▶ _Work to complete_: Copy out each line of the listing that has the word "Road" in it.

▶ _Provided records_:
- Opening Delimiter -
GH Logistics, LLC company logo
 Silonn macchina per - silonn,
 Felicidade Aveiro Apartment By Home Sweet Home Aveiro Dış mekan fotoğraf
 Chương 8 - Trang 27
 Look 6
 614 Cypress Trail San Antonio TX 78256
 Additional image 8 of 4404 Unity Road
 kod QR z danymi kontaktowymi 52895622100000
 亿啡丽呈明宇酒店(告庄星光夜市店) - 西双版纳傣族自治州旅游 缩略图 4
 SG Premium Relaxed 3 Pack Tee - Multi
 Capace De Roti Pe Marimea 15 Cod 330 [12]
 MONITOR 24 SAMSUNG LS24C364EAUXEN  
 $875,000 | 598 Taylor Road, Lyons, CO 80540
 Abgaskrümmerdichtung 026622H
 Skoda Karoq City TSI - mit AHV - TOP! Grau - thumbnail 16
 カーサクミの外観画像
- Closing Delimiter -
▶ _Task solution_:
 Additional image 8 of 4404 Unity Road
 $875,000 | 598 Taylor Road, Lyons, CO 80540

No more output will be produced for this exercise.